With the pictures excluded, output only the lines from the one containing "Off-the-shoulder Sweater European" through the last line of the entries, unchanged.
━━━ SUPPLIED RECORDS ━━━
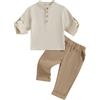 LYSINK Bambini Ragazzi Autunno Cotone Lino Abiti 2 Pz Bottoni Maniche Lunghe Camicie Elastico Vita Pantaloni Abbigliamento Set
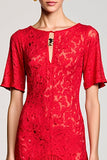 Red A Line Cut Out Lace Wedding Guest Dress with Sleeves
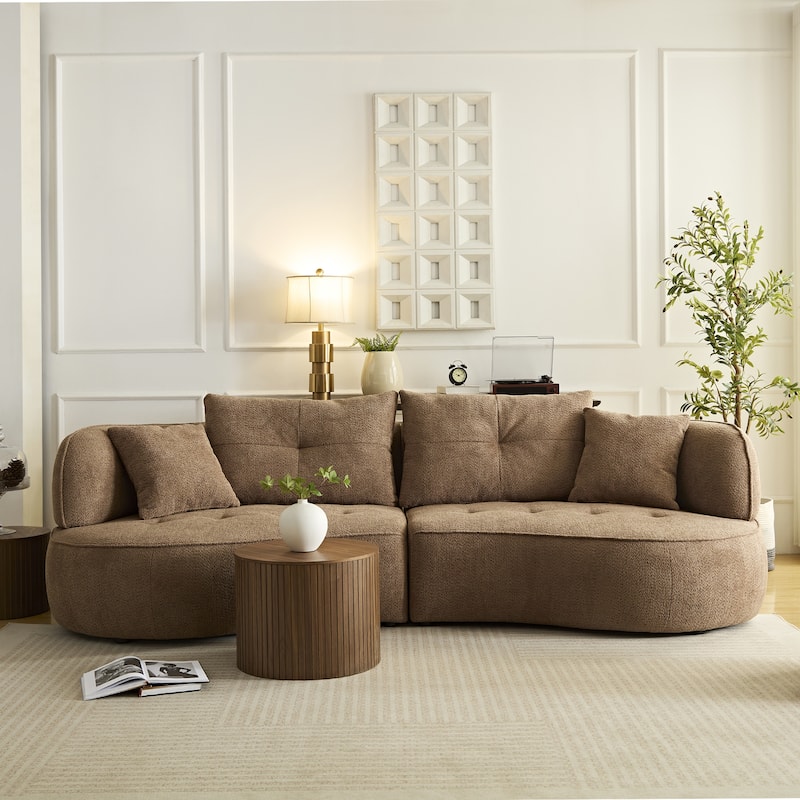 Combo Sofa with Detachable Pillows - Camel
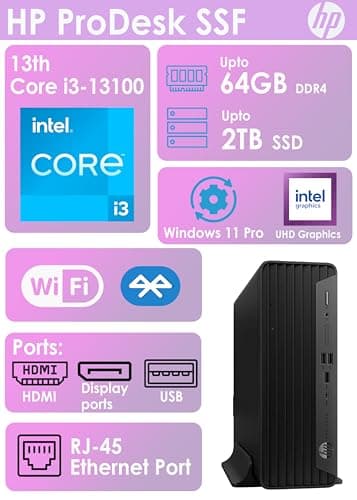 HP ProDesk G9 SFF Desktop Computer| 13th Core i3 CPU| Dual 4K Display Support| 16GB RAM, 512GB SSD| WiFi| Bluetooth| HDMI, USB, RJ-45| Windows 11 Pro| Wired Keyboard & Mouse| Business & Personal Use - Image 3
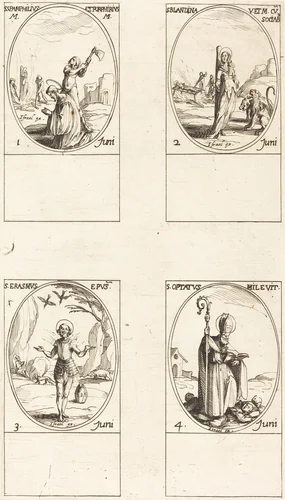 Sts. Pamphilius and Porphyrius; St. Blandina and Companions; St. Erasmus; St. Optatus by Jacques Callot, print, 1627-1637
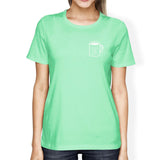 Coffee For Life Pocket Women Mint T-shirts Cute Typographic Tee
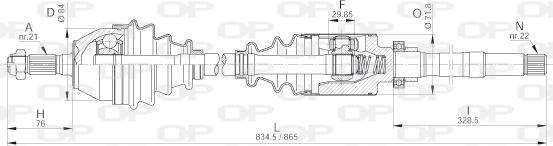 Open Parts DRS6184.00 - Piedziņas vārpsta autodraugiem.lv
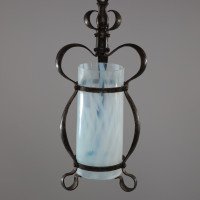 An Arts & Crafts Wrought Iron Lantern with Uranium/Vaseline Slag Glass Shade - Thumbnail 1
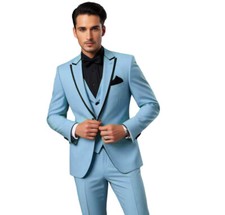 Men's 3 Piece Suit Slim fit One Button Baby Blue 3pc Office Business Casual Suit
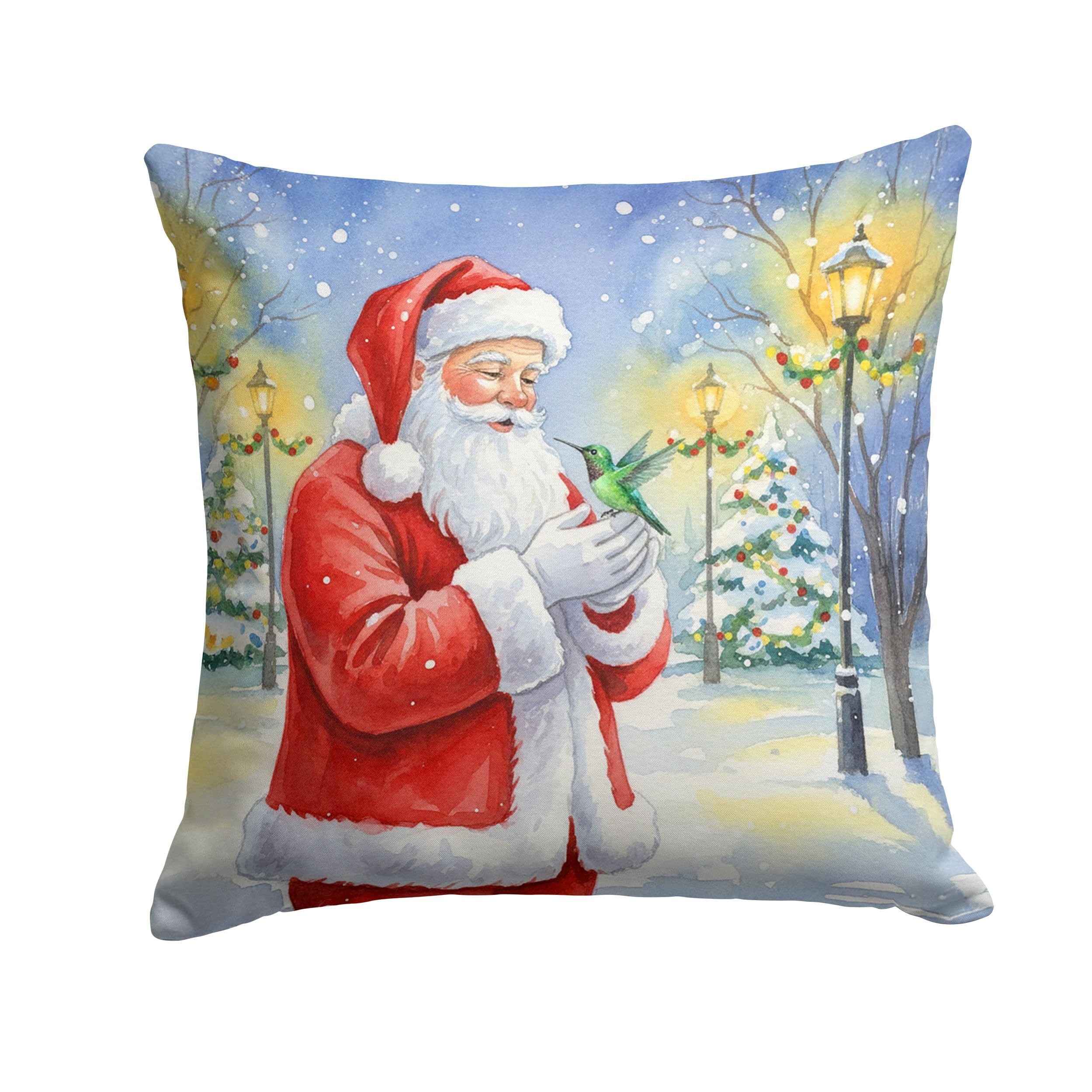 Carolines Treasures Hummingbird with Santa Claus Throw Pillow Decorative Indoor Outdoor Accent Cushion for Couch, Bed or Patio, 18Hx18W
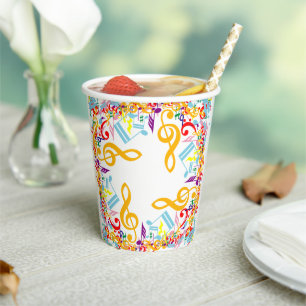 Gobelets En Papier Notes musicales arrondies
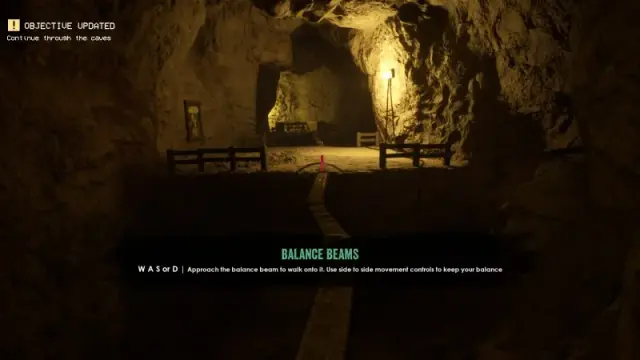 A narrow balance beam crosses a cavern gap beneath the Continue through the caves objective.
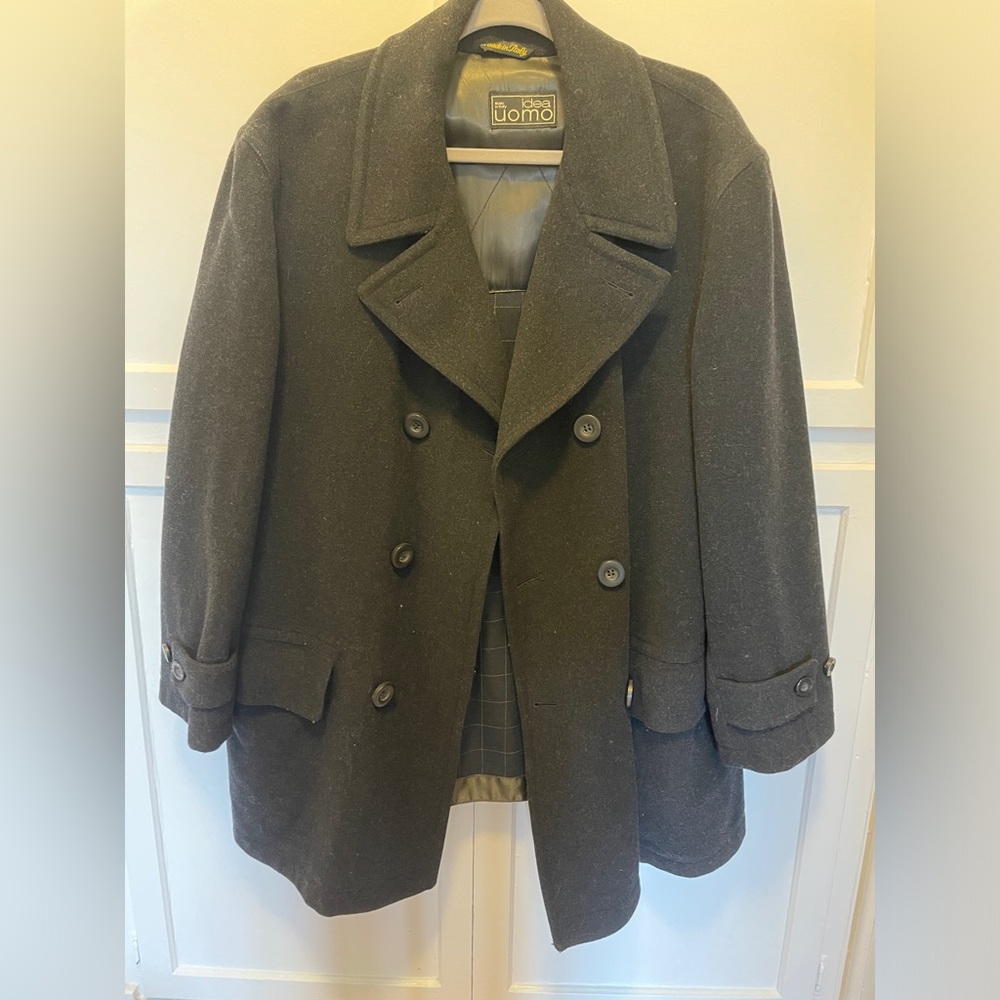 Idea Uomo Men's Black Double-Breasted Pea Coat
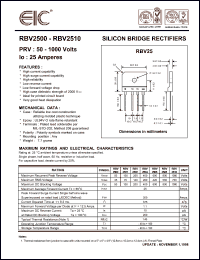 RBV2504 datasheet: 400 V, 25 A, silicon bridge rectifier RBV2504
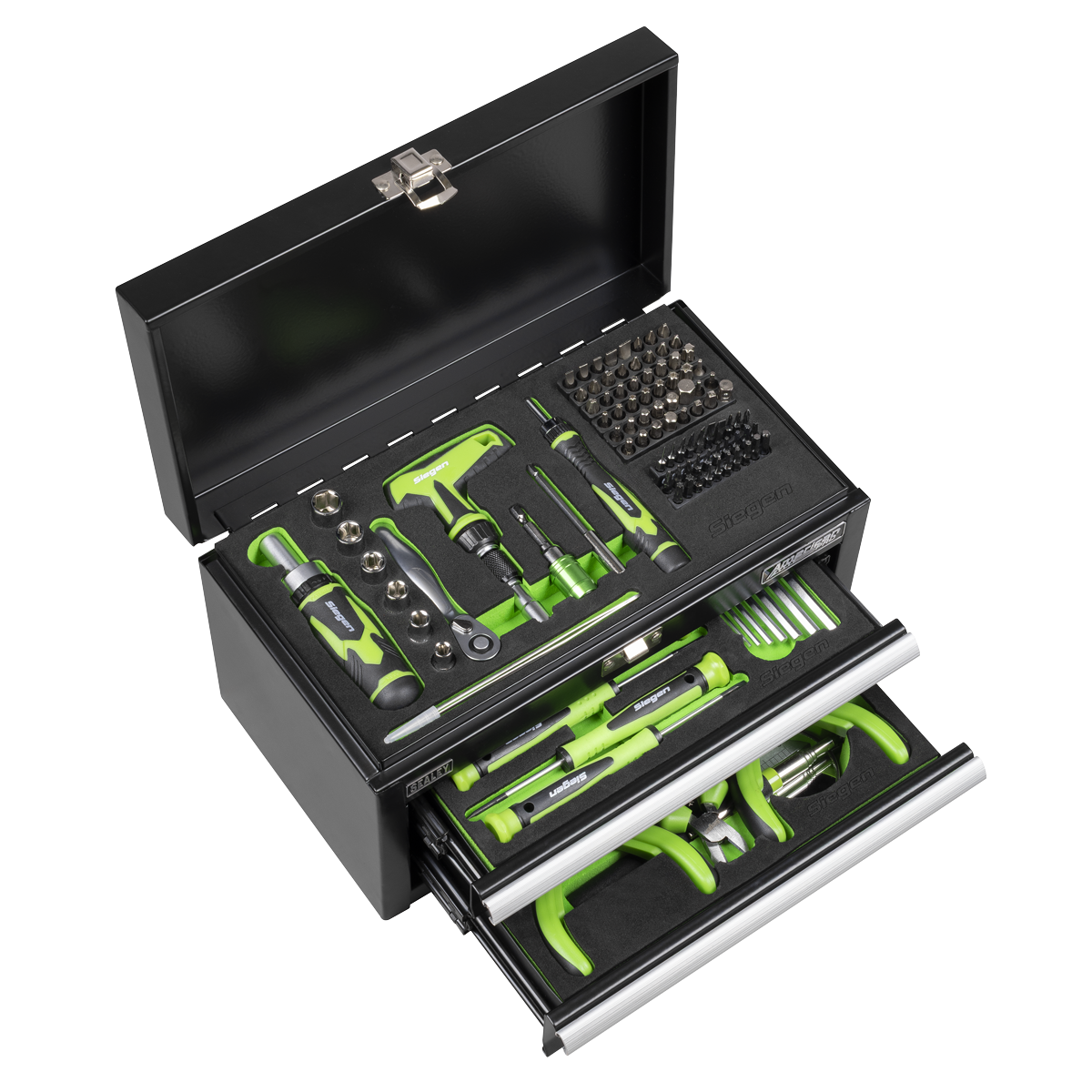 Sealey S01335 Siegen Mini Toolbox 2 Drawer with 111pc Tool Kit - additional view 2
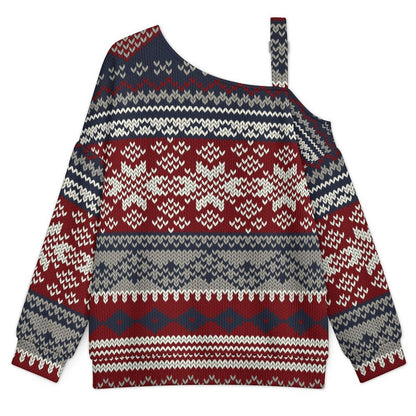 Off-the-shoulder Sweater European Retro Pattern  Asymmetric Cold Shoulder Knit Sweater for Women, Adjustable Buckle Strap Long Sleeve Casual Slouchy Pullover
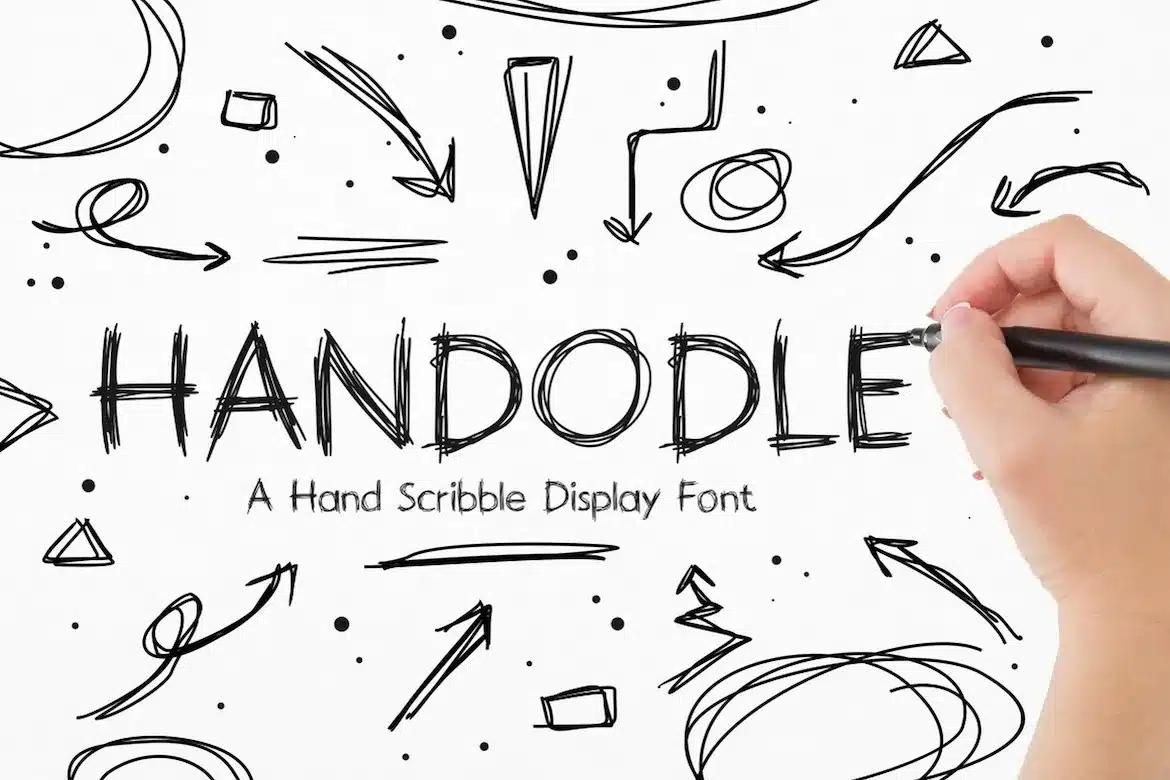 A hand scribble display Pencil Font
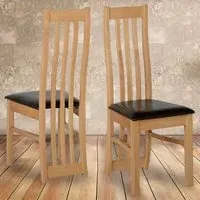 Ainsley Set of 2 Dining Chairs - Brown, Oak Veneer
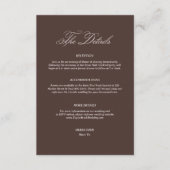 Chocolate Brown Wedding Details Begleitkarte (Vorderseite)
━━━
## RESPONSE TO THE EXERCISE
 Off-the-shoulder Sweater European Retro Pattern  Asymmetric Cold Shoulder Knit Sweater for Women, Adjustable Buckle Strap Long Sleeve Casual Slouchy Pullover
 A hand scribble display Pencil Font
 Ainsley Set of 2 Dining Chairs - Brown, Oak Veneer
 Chocolate Brown Wedding Details Begleitkarte (Vorderseite)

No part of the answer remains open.